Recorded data

----------

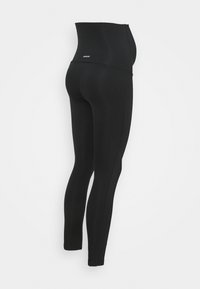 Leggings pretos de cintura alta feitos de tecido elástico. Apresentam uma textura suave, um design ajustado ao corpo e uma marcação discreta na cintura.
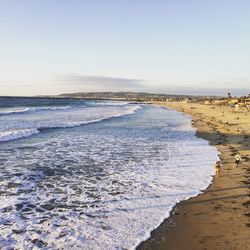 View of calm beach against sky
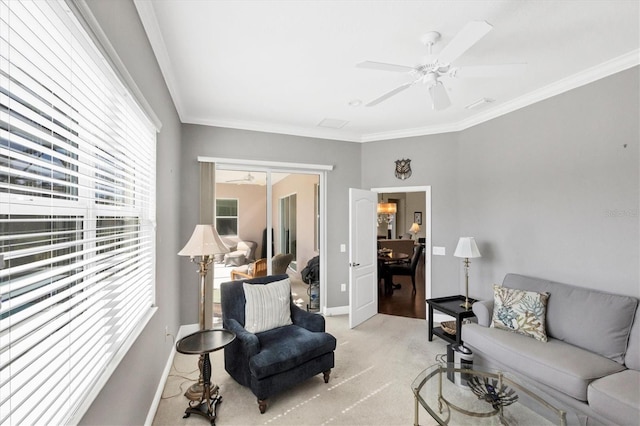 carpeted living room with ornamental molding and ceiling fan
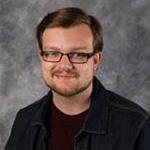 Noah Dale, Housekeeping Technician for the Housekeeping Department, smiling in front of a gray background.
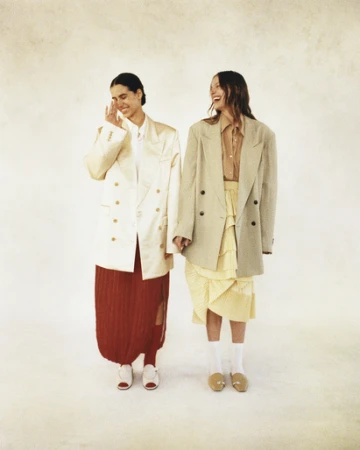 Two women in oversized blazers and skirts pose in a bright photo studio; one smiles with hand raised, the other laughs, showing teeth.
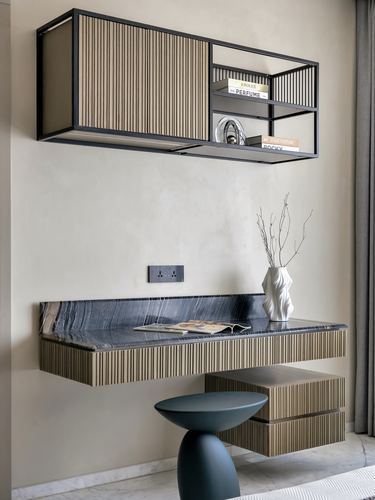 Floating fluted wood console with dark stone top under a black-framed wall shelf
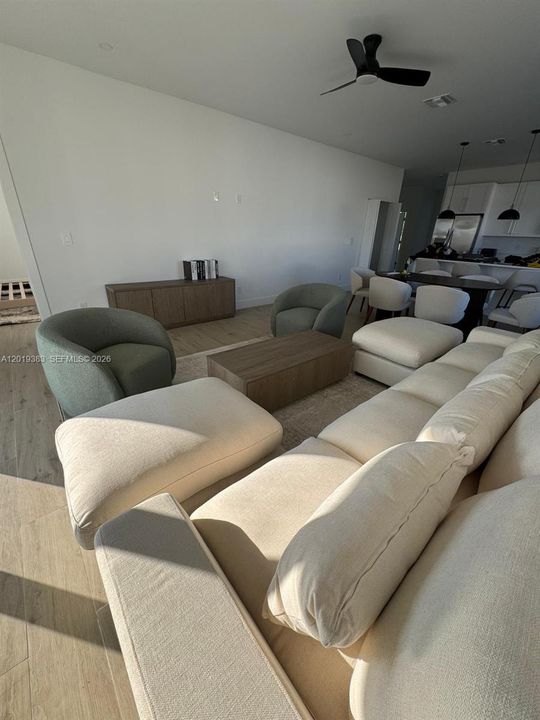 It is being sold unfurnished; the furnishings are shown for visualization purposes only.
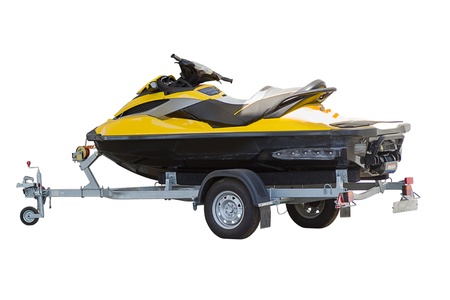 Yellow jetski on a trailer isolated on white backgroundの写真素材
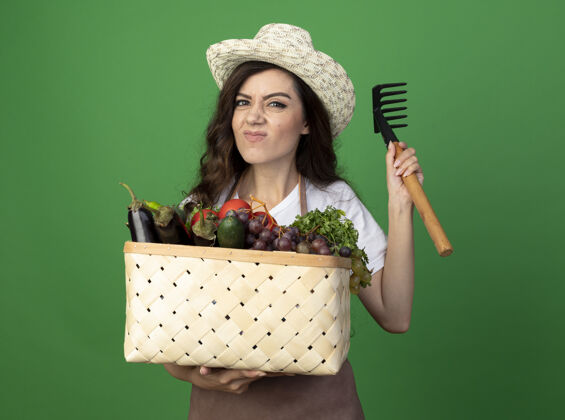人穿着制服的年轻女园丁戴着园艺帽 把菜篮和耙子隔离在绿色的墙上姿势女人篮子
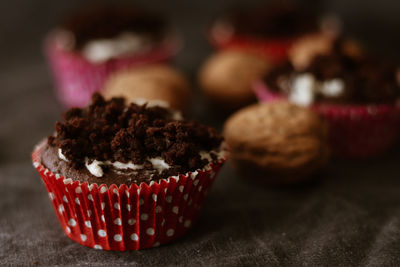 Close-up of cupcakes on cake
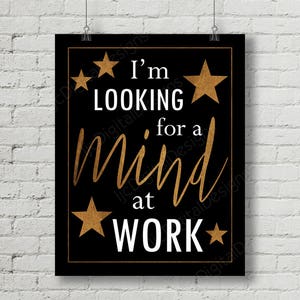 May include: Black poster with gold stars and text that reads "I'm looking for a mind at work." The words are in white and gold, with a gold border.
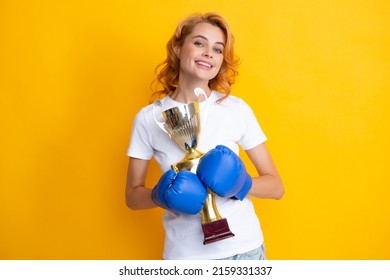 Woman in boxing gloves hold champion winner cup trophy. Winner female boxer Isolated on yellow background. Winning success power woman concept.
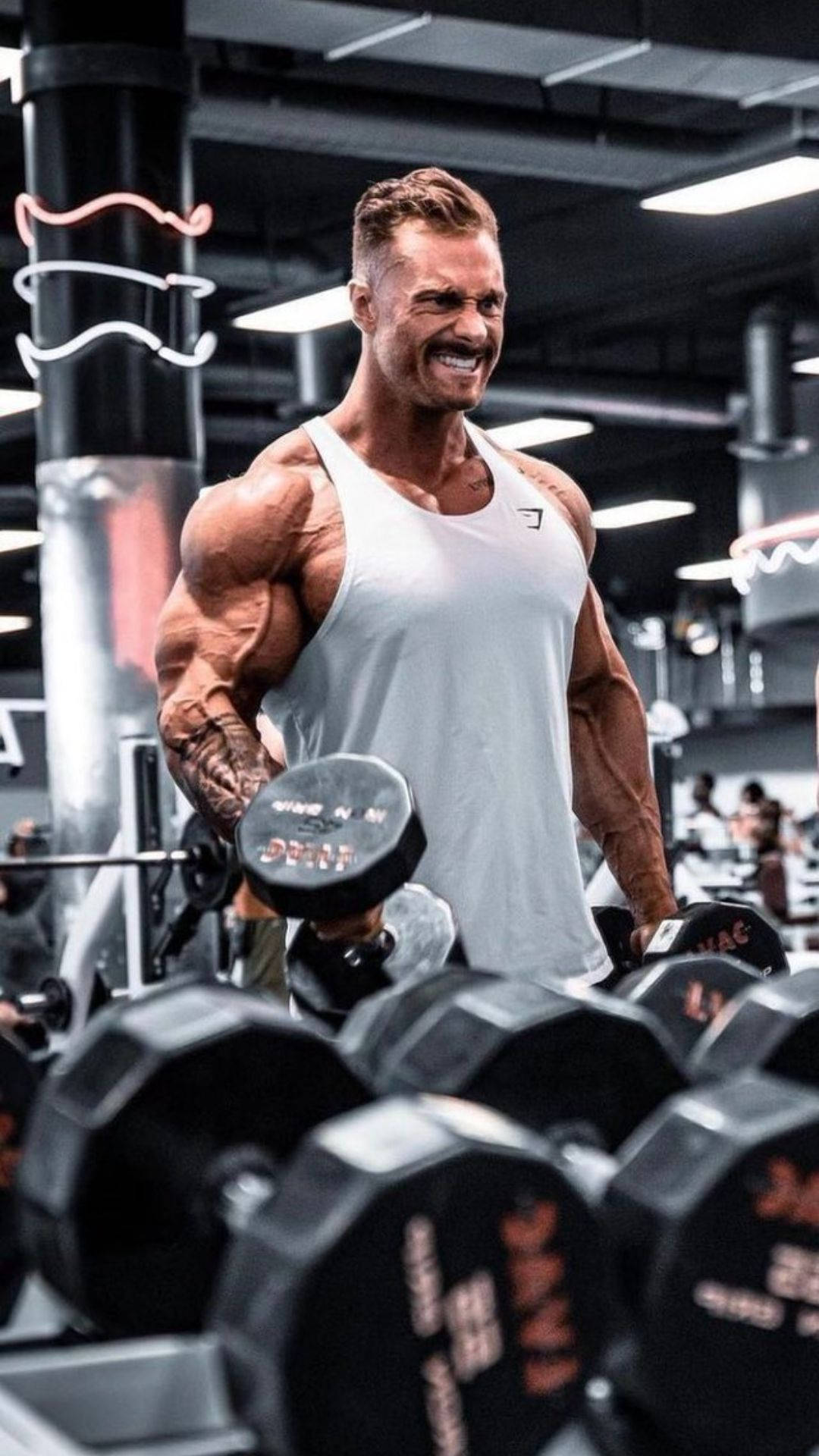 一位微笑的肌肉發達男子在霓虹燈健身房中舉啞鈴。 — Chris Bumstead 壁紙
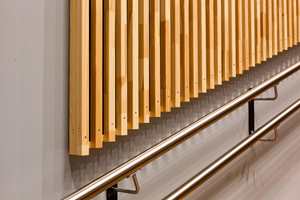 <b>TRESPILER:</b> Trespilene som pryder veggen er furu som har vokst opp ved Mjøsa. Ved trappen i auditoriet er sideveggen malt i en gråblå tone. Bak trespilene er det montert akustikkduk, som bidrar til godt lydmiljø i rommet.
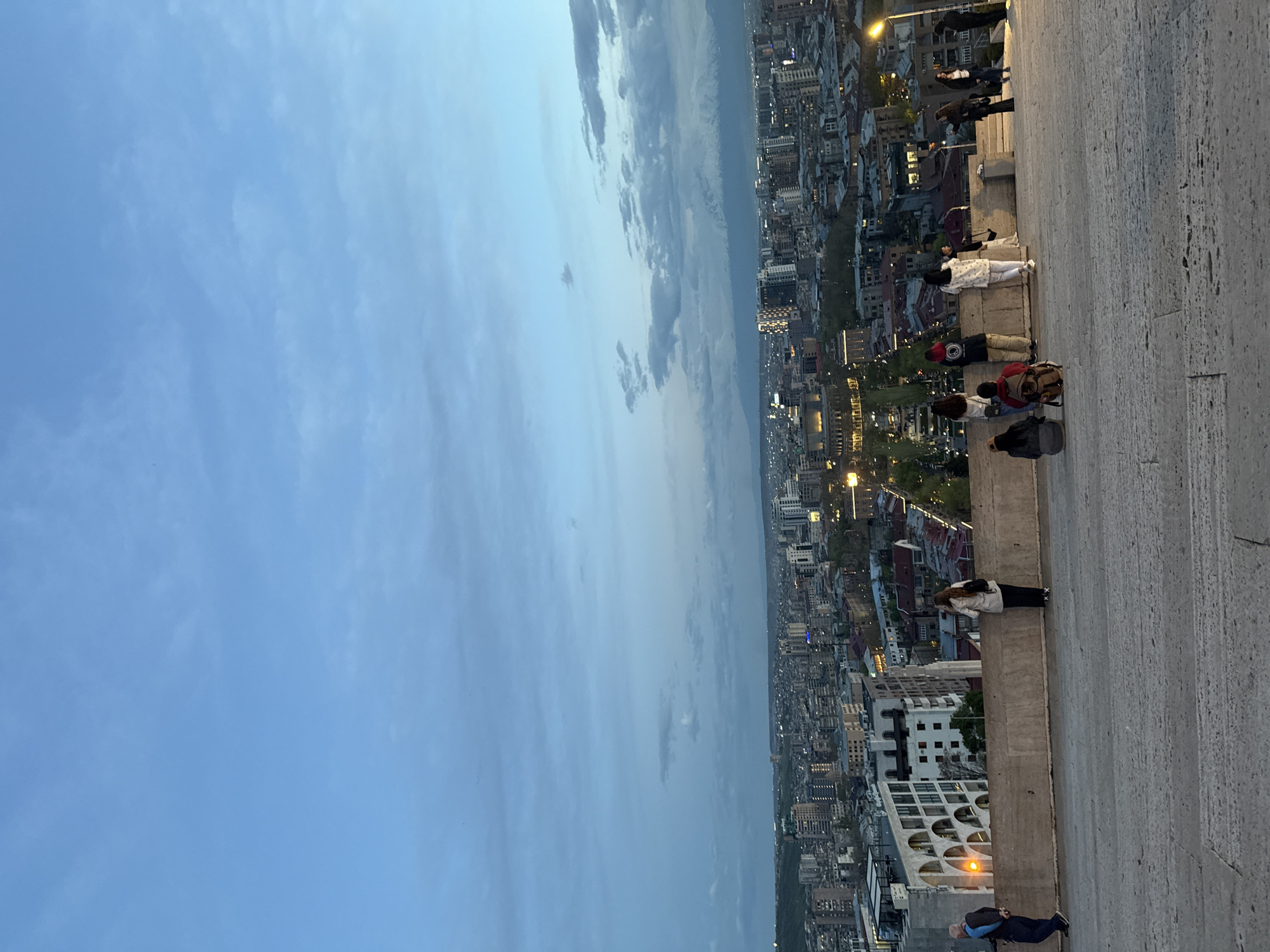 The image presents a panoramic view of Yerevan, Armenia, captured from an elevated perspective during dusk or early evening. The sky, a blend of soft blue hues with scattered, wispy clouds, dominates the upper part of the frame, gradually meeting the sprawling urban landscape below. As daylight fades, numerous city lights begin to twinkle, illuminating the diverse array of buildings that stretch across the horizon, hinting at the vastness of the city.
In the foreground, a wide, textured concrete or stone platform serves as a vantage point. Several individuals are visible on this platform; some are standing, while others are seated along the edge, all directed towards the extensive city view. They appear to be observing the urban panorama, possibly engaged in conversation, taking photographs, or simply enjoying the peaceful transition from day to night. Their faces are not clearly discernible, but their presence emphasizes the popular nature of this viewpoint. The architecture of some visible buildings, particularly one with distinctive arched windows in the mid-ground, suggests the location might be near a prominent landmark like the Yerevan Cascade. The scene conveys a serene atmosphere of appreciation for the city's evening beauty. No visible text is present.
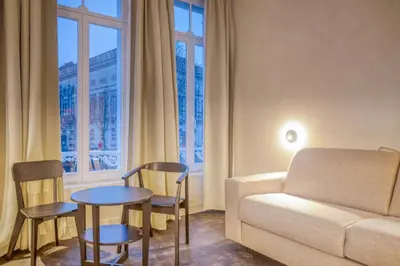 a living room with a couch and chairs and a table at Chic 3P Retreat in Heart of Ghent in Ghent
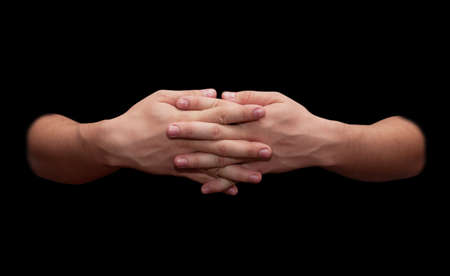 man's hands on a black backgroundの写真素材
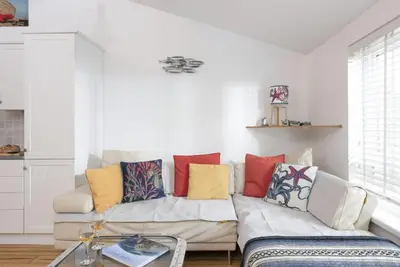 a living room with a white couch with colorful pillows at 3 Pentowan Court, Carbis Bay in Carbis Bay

----------

Would you copy all of the data exactly? Keep the pictures out of it.

 Leggings pretos de cintura alta feitos de tecido elástico. Apresentam uma textura suave, um design ajustado ao corpo e uma marcação discreta na cintura.
 View of calm beach against sky
 carpeted living room with ornamental molding and ceiling fan
 Noah Dale, Housekeeping Technician for the Housekeeping Department, smiling in front of a gray background.
 Two women in oversized blazers and skirts pose in a bright photo studio; one smiles with hand raised, the other laughs, showing teeth.
 Floating fluted wood console with dark stone top under a black-framed wall shelf
 It is being sold unfurnished; the furnishings are shown for visualization purposes only.
 Yellow jetski on a trailer isolated on white backgroundの写真素材
人穿着制服的年轻女园丁戴着园艺帽 把菜篮和耙子隔离在绿色的墙上姿势女人篮子
 Close-up of cupcakes on cake
 May include: Black poster with gold stars and text that reads "I'm looking for a mind at work." The words are in white and gold, with a gold border.
 Woman in boxing gloves hold champion winner cup trophy. Winner female boxer Isolated on yellow background. Winning success power woman concept.
 一位微笑的肌肉發達男子在霓虹燈健身房中舉啞鈴。 — Chris Bumstead 壁紙
 <b>TRESPILER:</b> Trespilene som pryder veggen er furu som har vokst opp ved Mjøsa. Ved trappen i auditoriet er sideveggen malt i en gråblå tone. Bak trespilene er det montert akustikkduk, som bidrar til godt lydmiljø i rommet.
 The image presents a panoramic view of Yerevan, Armenia, captured from an elevated perspective during dusk or early evening. The sky, a blend of soft blue hues with scattered, wispy clouds, dominates the upper part of the frame, gradually meeting the sprawling urban landscape below. As daylight fades, numerous city lights begin to twinkle, illuminating the diverse array of buildings that stretch across the horizon, hinting at the vastness of the city.
In the foreground, a wide, textured concrete or stone platform serves as a vantage point. Several individuals are visible on this platform; some are standing, while others are seated along the edge, all directed towards the extensive city view. They appear to be observing the urban panorama, possibly engaged in conversation, taking photographs, or simply enjoying the peaceful transition from day to night. Their faces are not clearly discernible, but their presence emphasizes the popular nature of this viewpoint. The architecture of some visible buildings, particularly one with distinctive arched windows in the mid-ground, suggests the location might be near a prominent landmark like the Yerevan Cascade. The scene conveys a serene atmosphere of appreciation for the city's evening beauty. No visible text is present.
 a living room with a couch and chairs and a table at Chic 3P Retreat in Heart of Ghent in Ghent
 man's hands on a black backgroundの写真素材
 a living room with a white couch with colorful pillows at 3 Pentowan Court, Carbis Bay in Carbis Bay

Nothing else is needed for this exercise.